** Available data **
Content starts

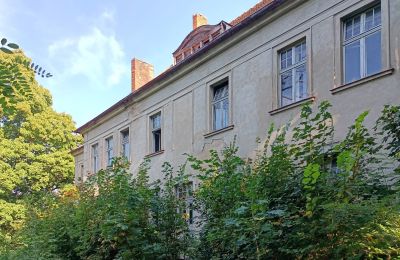 Kaštieľ na predaj Osieczna, województwo wielkopolskie, Pohľad zo zadnej strany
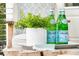 Close-up of patio accents including green plants, water bottles, and a wooden table at 300 Ginned Cotton St, Charleston, SC 29492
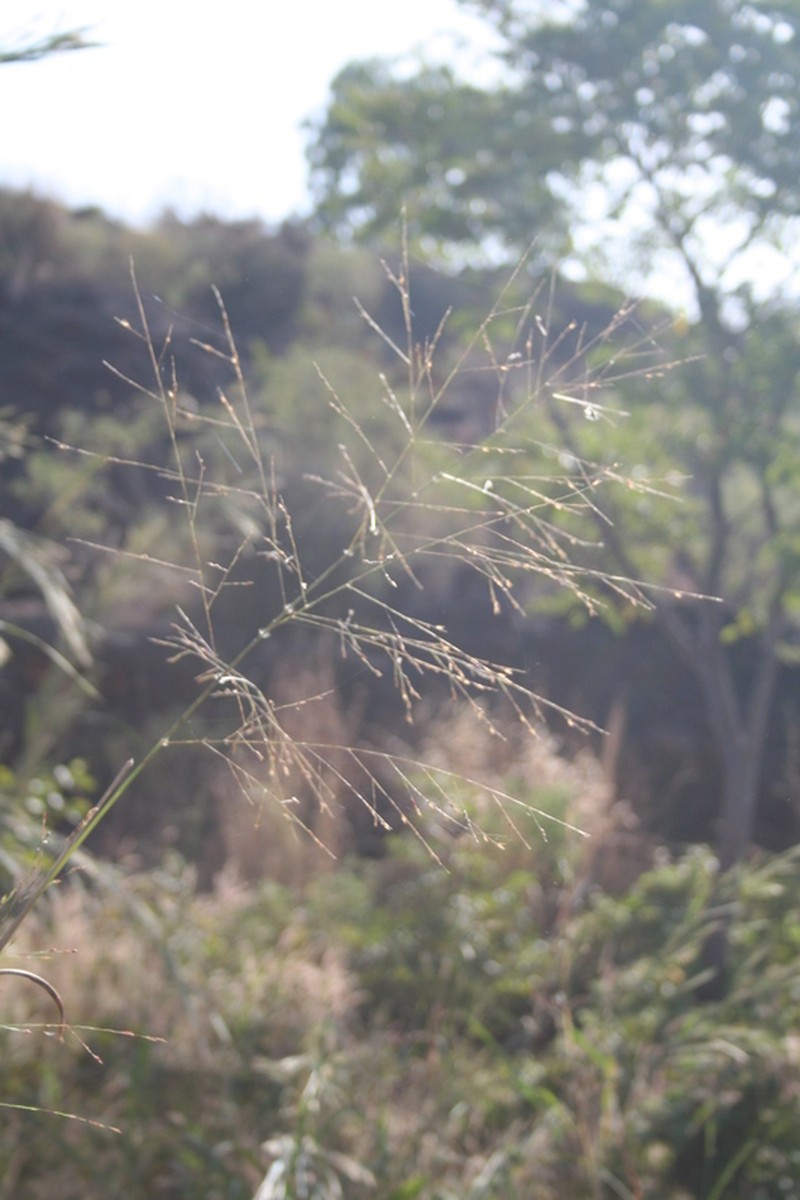 Panicum fluviicola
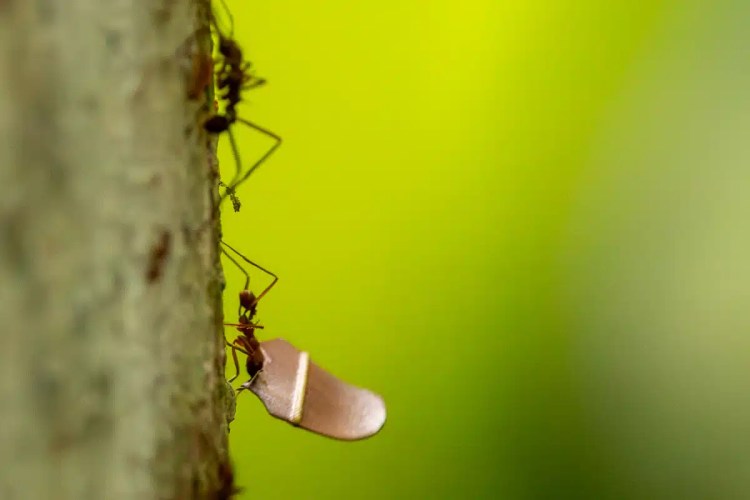 European pied flycatcher perched on a wooden birdhouse, a charming sight during Highland birding.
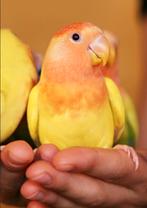 GEZOCHT gratis vogels, Geslacht onbekend, Parkiet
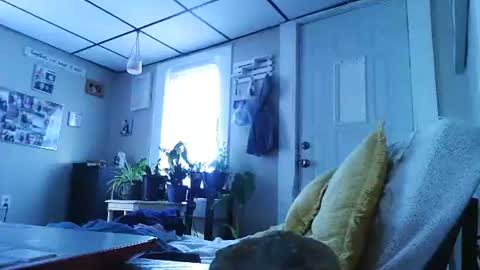 ali_tayler online show from 8, 11, 2025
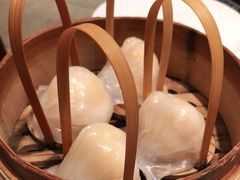 -金鼎轩(方庄天坛店)
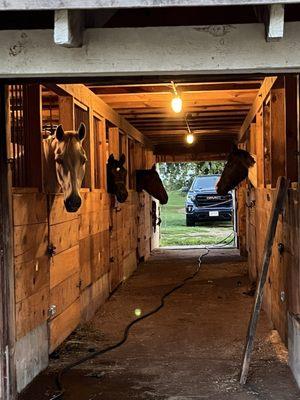 Bits & Pieces Stables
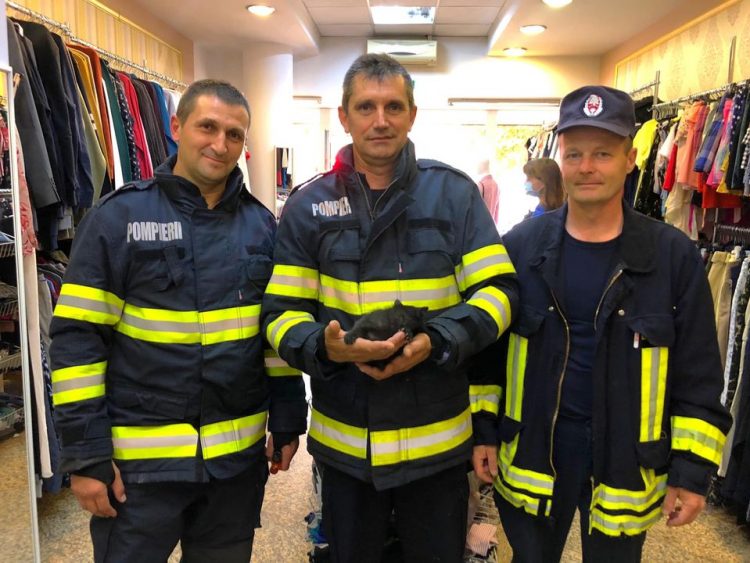 Pompierii băimăreni, „misiune imposibilă” încheiată cu succes – FOTO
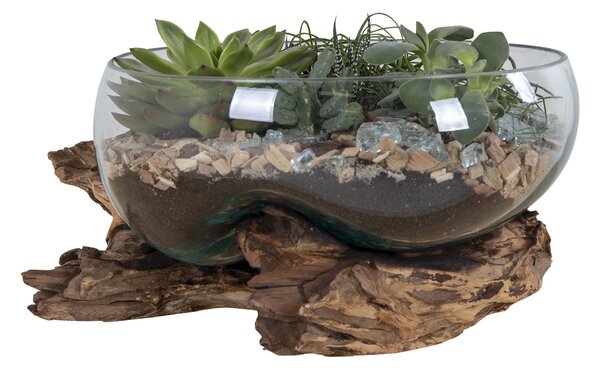 Decorațiuni Sorelia 4 (natural). 1147474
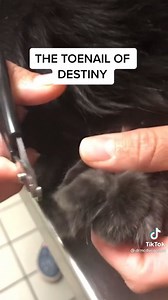 VERY ingrown claw relief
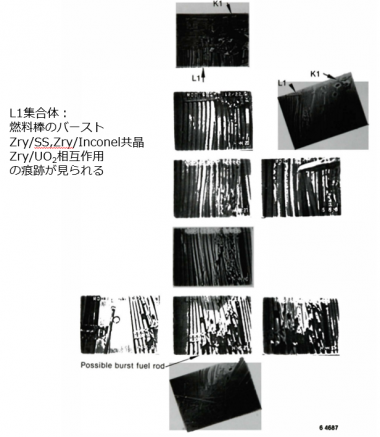 図４　L1集合体の状態[5]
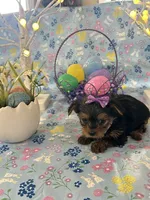 Bella, a female Yorkshire Terrier for sale in Oktaha, OK – Photo 7 of 10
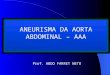 ANEURISMA DA AORTA ABDOMINAL â€“ AAA Prof. ABDO FARRET NETO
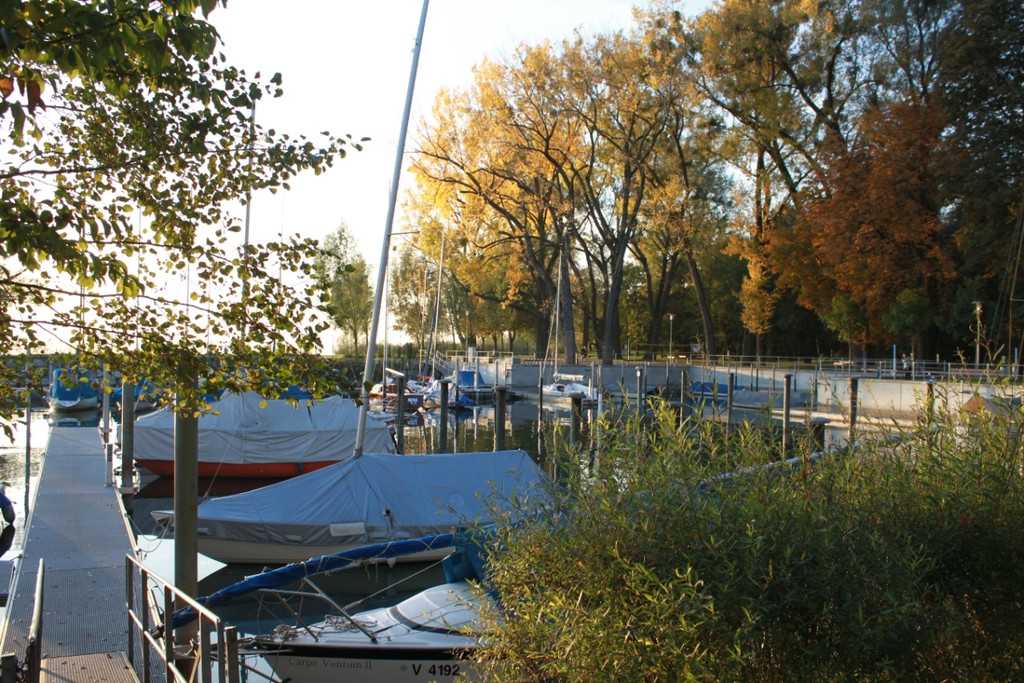 Sonnenuntergang am See HERBST 2011 _12__jpg-1319023006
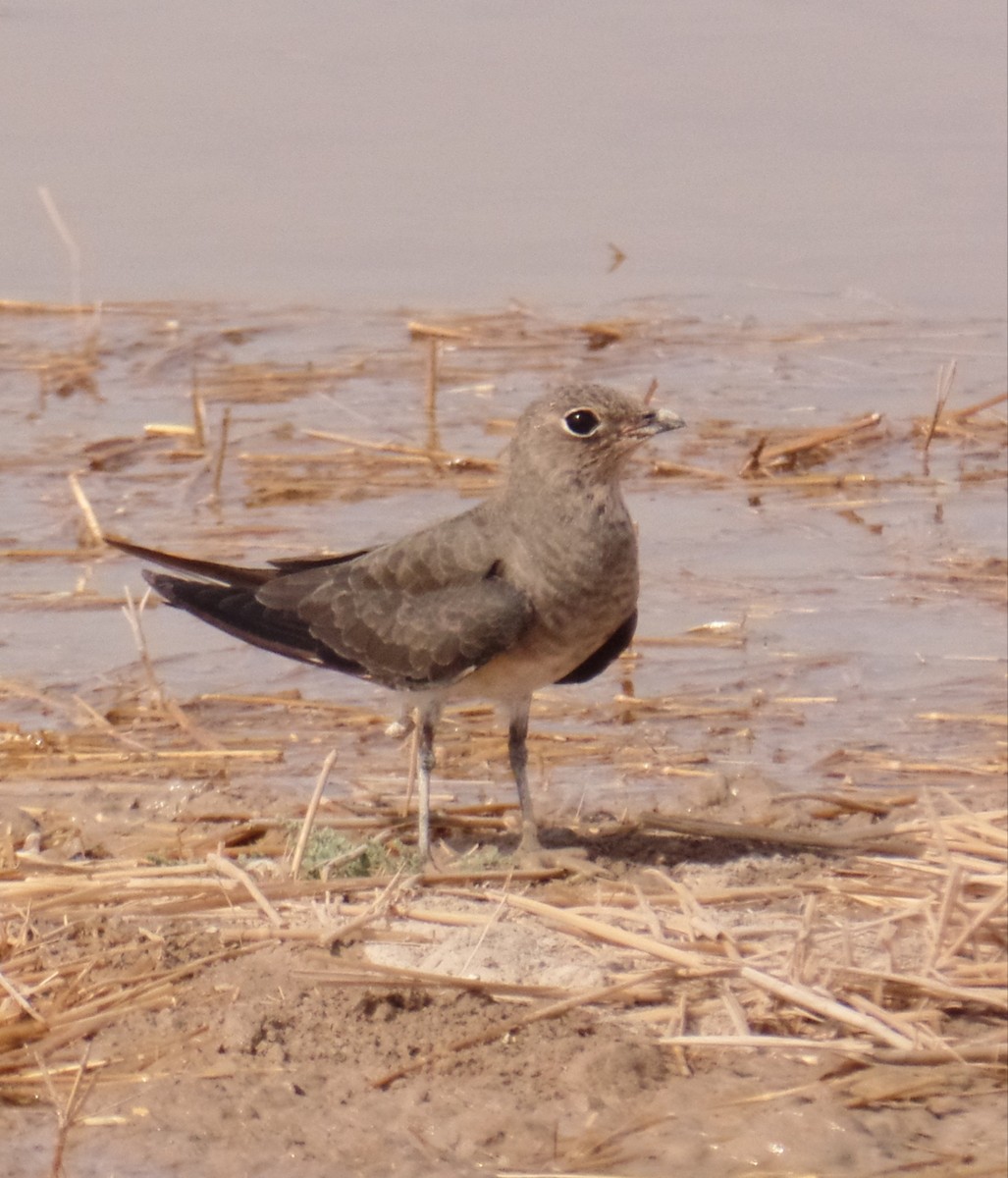 Collared Pratincole - ML474785041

Content ends

Once the pictures are removed, output the entries above exactly as given.

** Your solution **
 Kaštieľ na predaj Osieczna, województwo wielkopolskie, Pohľad zo zadnej strany
 Close-up of patio accents including green plants, water bottles, and a wooden table at 300 Ginned Cotton St, Charleston, SC 29492
 Panicum fluviicola
 European pied flycatcher perched on a wooden birdhouse, a charming sight during Highland birding.
 GEZOCHT gratis vogels, Geslacht onbekend, Parkiet
 ali_tayler online show from 8, 11, 2025
 -金鼎轩(方庄天坛店)
 Bits & Pieces Stables
 Pompierii băimăreni, „misiune imposibilă” încheiată cu succes – FOTO
 Decorațiuni Sorelia 4 (natural). 1147474
 VERY ingrown claw relief
 図４　L1集合体の状態[5]
 Bella, a female Yorkshire Terrier for sale in Oktaha, OK – Photo 7 of 10
 ANEURISMA DA AORTA ABDOMINAL â€“ AAA Prof. ABDO FARRET NETO
 Sonnenuntergang am See HERBST 2011 _12__jpg-1319023006
 Collared Pratincole - ML474785041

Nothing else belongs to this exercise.